Follow your child’s lead in play. Sit with your child during their preferred activities. Join their world before asking them to join yours. This builds connection and creates natural teaching opportunities.
Reduce sensory overload. If your child is sensitive to noise, light, or crowds, reduce these triggers where possible. Noise-canceling headphones, dimmer lights, quieter environments. Read our guide to sensory activities for autistic children.
School Services (Ages 3+)
If your child is 3 or older, they may qualify for special education services through your school district, including:
- Speech and language therapy
- Occupational therapy
- Social skills groups
- A classroom aide
- An Individualized Education Program (IEP) with accommodations
These services are free and available regardless of whether your child receives private ABA therapy. Contact your school district’s special education office to request an evaluation.
The Cost of Waiting
Research is clear: earlier intervention produces better outcomes. Every month your child waits for ABA therapy is a month of lost developmental opportunity. This isn’t meant to create guilt — many factors affecting wait times are beyond your control. But it underscores why getting on a waitlist immediately, even before you’re 100% sure, is so important.
Key research:
- Children who begin ABA before age 4 show the greatest gains in IQ, language, and adaptive behavior
- Each year of delay in starting ABA reduces the magnitude of improvements
- Early intensive behavioral intervention can reduce lifetime support costs by over $1 million per individual
Read more about why timing matters in our guide to early intervention with ABA therapy.
Frequently Asked Questions
Should I get on a waitlist before my child has a diagnosis?
Yes — many providers will add you to a waitlist based on a referral or developmental concern, with the understanding that a diagnosis must be obtained before therapy begins. Since diagnostic evaluations also have waitlists, starting both processes simultaneously is the most time-efficient approach.
What if the only available provider has bad reviews?
Don’t accept a poor-quality provider just because they have availability. A bad ABA experience can be worse than no ABA — it can create negative associations with therapy, waste months of treatment time, and delay progress. Use our guide to choosing an ABA provider to evaluate quality, and keep waiting for a good match if needed.
Can I change providers after starting somewhere?

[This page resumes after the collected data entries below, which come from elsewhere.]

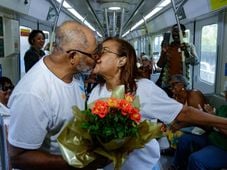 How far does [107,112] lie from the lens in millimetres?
1211

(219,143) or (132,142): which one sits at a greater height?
(132,142)

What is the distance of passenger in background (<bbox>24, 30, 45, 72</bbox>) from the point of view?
4.41 m

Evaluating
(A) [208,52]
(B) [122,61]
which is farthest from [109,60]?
(A) [208,52]

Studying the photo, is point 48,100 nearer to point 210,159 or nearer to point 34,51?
point 210,159

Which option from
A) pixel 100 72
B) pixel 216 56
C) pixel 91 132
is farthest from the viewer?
pixel 216 56

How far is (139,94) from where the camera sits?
158 centimetres

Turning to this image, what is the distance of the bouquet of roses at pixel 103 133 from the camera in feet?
3.93

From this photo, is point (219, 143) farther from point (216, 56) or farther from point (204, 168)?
point (216, 56)

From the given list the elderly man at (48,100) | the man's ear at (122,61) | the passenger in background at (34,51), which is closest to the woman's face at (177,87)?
the passenger in background at (34,51)

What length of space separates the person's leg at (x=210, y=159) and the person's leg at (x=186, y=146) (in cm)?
37

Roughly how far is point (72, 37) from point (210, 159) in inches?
81.7

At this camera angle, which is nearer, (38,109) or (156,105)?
(38,109)

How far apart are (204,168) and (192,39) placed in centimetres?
348

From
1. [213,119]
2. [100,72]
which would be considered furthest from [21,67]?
[213,119] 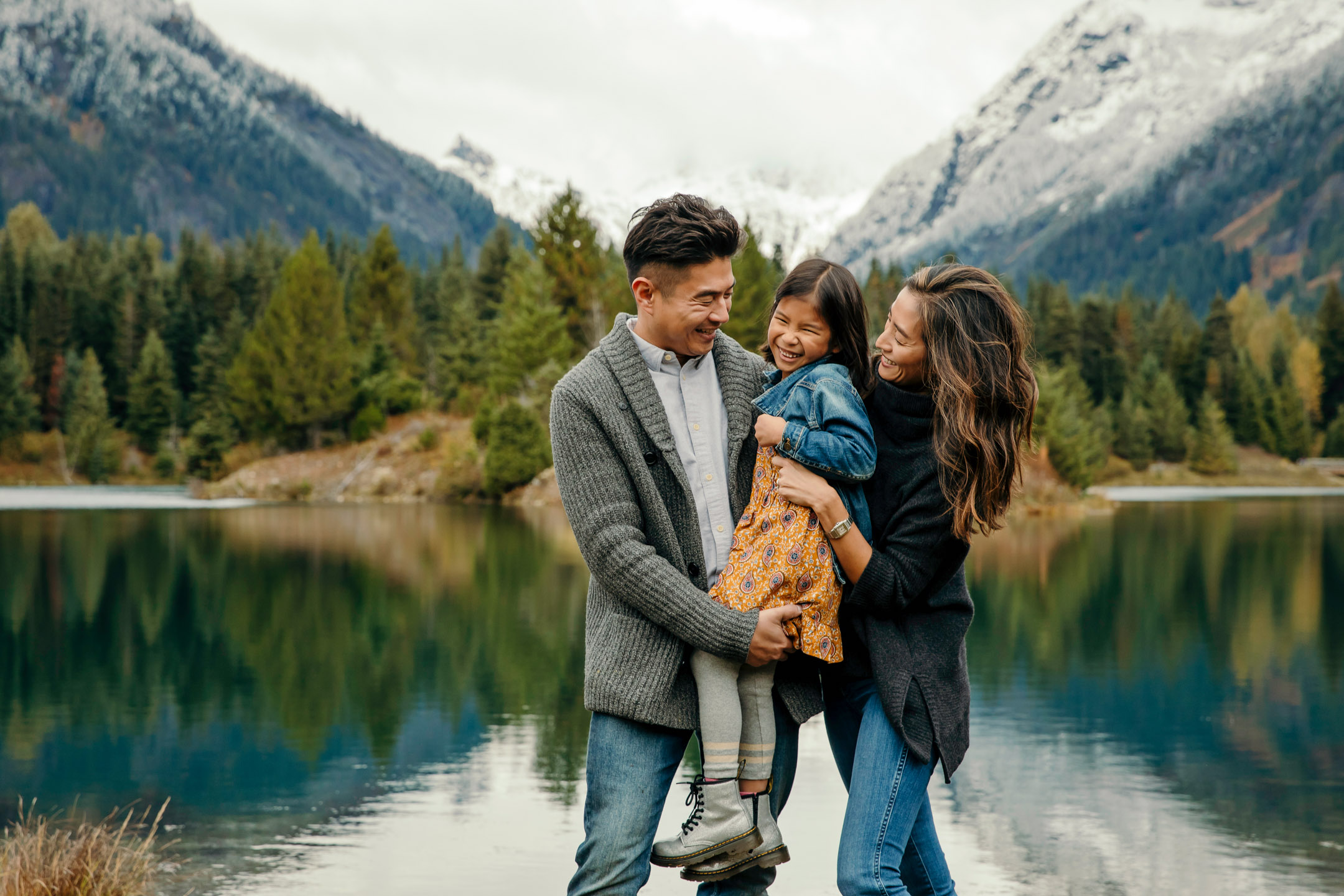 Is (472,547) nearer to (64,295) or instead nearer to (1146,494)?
(1146,494)

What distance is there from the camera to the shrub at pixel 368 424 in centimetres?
4853

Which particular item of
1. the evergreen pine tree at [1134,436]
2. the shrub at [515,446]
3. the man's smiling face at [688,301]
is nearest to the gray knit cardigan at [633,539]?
the man's smiling face at [688,301]

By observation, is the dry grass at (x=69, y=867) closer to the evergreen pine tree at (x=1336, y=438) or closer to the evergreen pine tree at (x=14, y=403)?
the evergreen pine tree at (x=14, y=403)

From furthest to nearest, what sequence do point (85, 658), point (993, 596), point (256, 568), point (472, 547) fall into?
1. point (472, 547)
2. point (256, 568)
3. point (993, 596)
4. point (85, 658)

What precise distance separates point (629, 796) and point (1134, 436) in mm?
63286

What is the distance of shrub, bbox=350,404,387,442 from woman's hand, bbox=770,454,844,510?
155 ft

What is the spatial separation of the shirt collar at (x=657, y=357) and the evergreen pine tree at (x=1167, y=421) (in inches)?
2520

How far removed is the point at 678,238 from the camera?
2803 mm

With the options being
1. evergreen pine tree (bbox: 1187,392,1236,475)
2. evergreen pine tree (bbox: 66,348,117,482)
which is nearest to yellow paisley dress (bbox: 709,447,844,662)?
evergreen pine tree (bbox: 66,348,117,482)

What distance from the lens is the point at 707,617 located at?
2709mm

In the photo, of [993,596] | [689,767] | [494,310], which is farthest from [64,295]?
[689,767]

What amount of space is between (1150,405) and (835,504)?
6747cm

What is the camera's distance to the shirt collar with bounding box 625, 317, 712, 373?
2.99 metres

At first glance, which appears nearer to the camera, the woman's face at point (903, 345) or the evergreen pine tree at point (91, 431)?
the woman's face at point (903, 345) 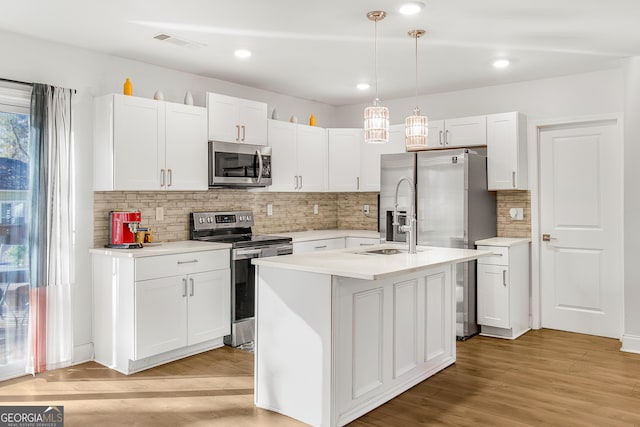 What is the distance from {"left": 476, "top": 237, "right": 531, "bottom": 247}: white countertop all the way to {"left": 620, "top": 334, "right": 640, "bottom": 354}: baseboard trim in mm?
1211

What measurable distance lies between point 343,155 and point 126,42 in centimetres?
285

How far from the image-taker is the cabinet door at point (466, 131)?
514 centimetres

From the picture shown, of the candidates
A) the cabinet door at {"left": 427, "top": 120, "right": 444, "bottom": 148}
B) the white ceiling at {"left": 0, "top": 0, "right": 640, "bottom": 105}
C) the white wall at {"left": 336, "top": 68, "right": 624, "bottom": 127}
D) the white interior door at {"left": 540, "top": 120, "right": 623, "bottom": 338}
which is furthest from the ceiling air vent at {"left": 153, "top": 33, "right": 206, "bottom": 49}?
the white interior door at {"left": 540, "top": 120, "right": 623, "bottom": 338}

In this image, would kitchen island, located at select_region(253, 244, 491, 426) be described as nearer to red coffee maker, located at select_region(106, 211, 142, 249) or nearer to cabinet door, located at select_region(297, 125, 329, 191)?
red coffee maker, located at select_region(106, 211, 142, 249)

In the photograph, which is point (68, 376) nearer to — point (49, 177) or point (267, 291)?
point (49, 177)

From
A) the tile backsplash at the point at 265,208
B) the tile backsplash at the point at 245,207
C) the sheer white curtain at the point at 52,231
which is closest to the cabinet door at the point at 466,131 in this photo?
the tile backsplash at the point at 265,208

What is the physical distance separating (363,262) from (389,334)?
0.55m

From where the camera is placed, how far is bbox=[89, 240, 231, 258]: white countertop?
3.82 metres

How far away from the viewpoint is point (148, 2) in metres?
3.12

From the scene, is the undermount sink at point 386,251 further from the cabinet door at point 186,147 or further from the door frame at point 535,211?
the door frame at point 535,211

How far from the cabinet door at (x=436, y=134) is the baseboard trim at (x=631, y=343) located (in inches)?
98.0

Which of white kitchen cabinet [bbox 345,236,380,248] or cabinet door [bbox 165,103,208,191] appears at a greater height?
cabinet door [bbox 165,103,208,191]

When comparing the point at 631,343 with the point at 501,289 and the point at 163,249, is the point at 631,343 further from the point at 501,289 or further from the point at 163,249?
the point at 163,249

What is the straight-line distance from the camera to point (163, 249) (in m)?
4.01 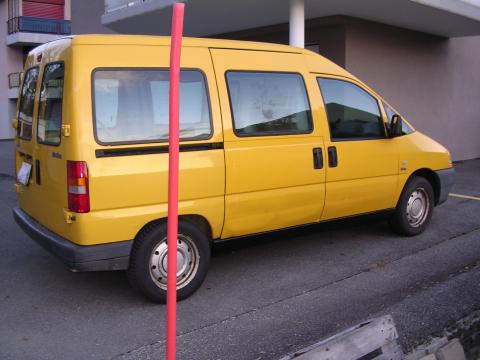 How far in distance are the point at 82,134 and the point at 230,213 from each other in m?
1.41

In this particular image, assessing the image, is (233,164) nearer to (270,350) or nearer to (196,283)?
(196,283)

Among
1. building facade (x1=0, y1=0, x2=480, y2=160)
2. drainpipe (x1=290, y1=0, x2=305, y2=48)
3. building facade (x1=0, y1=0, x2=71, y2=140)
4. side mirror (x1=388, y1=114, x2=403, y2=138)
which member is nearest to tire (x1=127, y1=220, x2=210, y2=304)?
side mirror (x1=388, y1=114, x2=403, y2=138)

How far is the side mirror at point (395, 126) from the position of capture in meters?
5.65

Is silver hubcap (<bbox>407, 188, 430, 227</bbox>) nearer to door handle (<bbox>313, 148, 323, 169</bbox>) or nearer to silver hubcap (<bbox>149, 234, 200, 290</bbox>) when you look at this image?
door handle (<bbox>313, 148, 323, 169</bbox>)

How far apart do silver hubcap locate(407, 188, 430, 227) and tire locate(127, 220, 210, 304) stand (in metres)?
2.79

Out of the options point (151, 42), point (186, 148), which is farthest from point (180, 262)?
point (151, 42)

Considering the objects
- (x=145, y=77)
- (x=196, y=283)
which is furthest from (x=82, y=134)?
(x=196, y=283)

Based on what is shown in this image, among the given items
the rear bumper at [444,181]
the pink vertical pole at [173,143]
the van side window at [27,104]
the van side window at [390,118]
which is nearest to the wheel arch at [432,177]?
the rear bumper at [444,181]

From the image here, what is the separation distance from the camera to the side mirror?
5.65m

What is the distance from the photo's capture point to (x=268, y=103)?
483 centimetres

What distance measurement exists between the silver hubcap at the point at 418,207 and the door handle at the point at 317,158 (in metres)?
1.59

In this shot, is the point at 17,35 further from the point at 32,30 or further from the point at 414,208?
the point at 414,208

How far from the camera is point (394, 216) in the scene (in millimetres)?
6105

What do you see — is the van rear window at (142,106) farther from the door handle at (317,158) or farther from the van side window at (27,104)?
the door handle at (317,158) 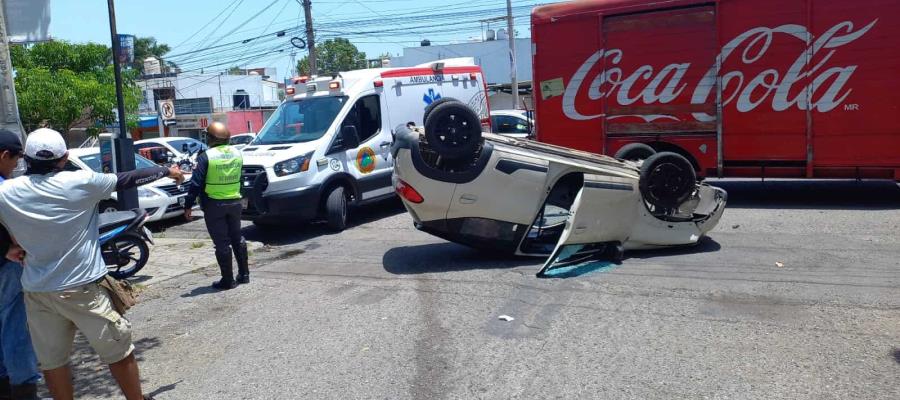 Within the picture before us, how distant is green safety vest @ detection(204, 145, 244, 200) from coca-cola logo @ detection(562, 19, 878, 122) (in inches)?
244

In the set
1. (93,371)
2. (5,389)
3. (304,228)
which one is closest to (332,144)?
(304,228)

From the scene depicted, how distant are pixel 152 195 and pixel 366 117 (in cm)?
368

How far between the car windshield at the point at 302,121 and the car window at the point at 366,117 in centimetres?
23

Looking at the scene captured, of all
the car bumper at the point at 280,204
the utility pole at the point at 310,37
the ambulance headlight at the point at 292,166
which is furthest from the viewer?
the utility pole at the point at 310,37

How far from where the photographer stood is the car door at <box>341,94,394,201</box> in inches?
426

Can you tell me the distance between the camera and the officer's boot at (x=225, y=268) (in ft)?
24.2

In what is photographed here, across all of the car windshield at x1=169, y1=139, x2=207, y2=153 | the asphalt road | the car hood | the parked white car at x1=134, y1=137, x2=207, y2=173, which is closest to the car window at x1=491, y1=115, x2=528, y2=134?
the parked white car at x1=134, y1=137, x2=207, y2=173

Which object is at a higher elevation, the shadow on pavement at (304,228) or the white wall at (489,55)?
the white wall at (489,55)

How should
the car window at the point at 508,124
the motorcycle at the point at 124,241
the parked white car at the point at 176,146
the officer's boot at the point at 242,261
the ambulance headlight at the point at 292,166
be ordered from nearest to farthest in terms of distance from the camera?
the officer's boot at the point at 242,261, the motorcycle at the point at 124,241, the ambulance headlight at the point at 292,166, the parked white car at the point at 176,146, the car window at the point at 508,124

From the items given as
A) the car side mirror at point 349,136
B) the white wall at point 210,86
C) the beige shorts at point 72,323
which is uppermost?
the white wall at point 210,86

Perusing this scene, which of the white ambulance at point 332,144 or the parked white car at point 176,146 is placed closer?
the white ambulance at point 332,144

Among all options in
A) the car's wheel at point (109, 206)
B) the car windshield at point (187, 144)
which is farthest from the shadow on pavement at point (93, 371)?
the car windshield at point (187, 144)

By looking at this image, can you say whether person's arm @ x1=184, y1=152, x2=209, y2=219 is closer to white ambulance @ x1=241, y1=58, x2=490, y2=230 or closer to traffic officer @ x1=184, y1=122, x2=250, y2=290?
traffic officer @ x1=184, y1=122, x2=250, y2=290

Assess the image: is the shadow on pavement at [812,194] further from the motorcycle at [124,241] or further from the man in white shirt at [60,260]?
the man in white shirt at [60,260] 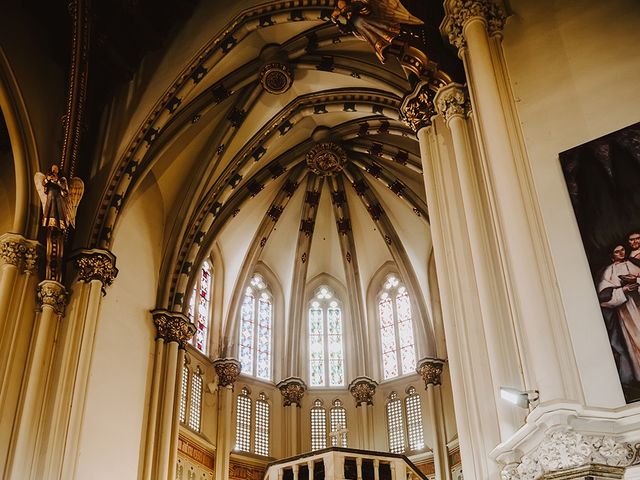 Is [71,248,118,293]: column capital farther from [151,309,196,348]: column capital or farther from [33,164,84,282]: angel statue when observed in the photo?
[151,309,196,348]: column capital

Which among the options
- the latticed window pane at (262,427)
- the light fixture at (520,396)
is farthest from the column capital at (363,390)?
the light fixture at (520,396)

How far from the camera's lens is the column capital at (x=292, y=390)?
21578mm

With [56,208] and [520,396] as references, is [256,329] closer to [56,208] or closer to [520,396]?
[56,208]

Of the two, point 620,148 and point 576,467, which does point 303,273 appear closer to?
point 620,148

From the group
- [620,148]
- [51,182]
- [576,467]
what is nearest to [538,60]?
[620,148]

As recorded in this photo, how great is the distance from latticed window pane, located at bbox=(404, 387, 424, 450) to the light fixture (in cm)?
1321

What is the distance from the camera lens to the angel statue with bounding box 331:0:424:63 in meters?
11.2

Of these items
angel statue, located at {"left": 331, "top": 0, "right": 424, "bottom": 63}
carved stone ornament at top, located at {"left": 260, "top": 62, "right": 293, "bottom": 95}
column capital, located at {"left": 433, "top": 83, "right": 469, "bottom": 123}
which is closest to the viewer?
angel statue, located at {"left": 331, "top": 0, "right": 424, "bottom": 63}

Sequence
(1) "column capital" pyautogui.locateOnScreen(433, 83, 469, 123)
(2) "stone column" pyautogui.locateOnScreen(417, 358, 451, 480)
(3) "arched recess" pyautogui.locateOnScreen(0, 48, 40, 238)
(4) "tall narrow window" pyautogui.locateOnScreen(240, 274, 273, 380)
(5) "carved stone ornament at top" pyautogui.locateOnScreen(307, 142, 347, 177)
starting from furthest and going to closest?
(4) "tall narrow window" pyautogui.locateOnScreen(240, 274, 273, 380) → (5) "carved stone ornament at top" pyautogui.locateOnScreen(307, 142, 347, 177) → (2) "stone column" pyautogui.locateOnScreen(417, 358, 451, 480) → (3) "arched recess" pyautogui.locateOnScreen(0, 48, 40, 238) → (1) "column capital" pyautogui.locateOnScreen(433, 83, 469, 123)

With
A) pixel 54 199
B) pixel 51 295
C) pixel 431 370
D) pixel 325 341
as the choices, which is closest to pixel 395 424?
pixel 431 370

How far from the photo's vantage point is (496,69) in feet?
33.7

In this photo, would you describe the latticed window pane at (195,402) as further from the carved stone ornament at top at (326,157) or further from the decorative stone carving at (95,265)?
the carved stone ornament at top at (326,157)

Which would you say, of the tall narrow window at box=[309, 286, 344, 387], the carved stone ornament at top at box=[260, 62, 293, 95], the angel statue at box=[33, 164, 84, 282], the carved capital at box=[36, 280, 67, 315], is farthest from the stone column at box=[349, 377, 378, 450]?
the angel statue at box=[33, 164, 84, 282]

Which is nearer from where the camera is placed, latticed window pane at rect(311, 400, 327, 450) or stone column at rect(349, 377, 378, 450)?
stone column at rect(349, 377, 378, 450)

Absolutely. Starting at one provider doesn’t lock you in. If a preferred provider has an opening later, you can transfer. Request your child’s records and assessment data from the current provider — you’re entitled to them — and share with the new provider to minimize redundant assessment. Read our clinic guide for tips on switching.
Do waitlists differ for in-home vs. center-based?
Often, yes. Center-based programs have physical space limitations that cap how many children they can serve. In-home programs have more flexibility to add children (as long as RBTs are available). If center-based has a longer wait, consider starting in-home and transitioning later.
How do I know where I am on the waitlist?
Call the provider every 4–6 weeks to check your status. Ask: “Where am I on the waitlist? Has anything changed? What’s your current estimated timeline?” This keeps you top of mind and ensures you haven’t been accidentally removed.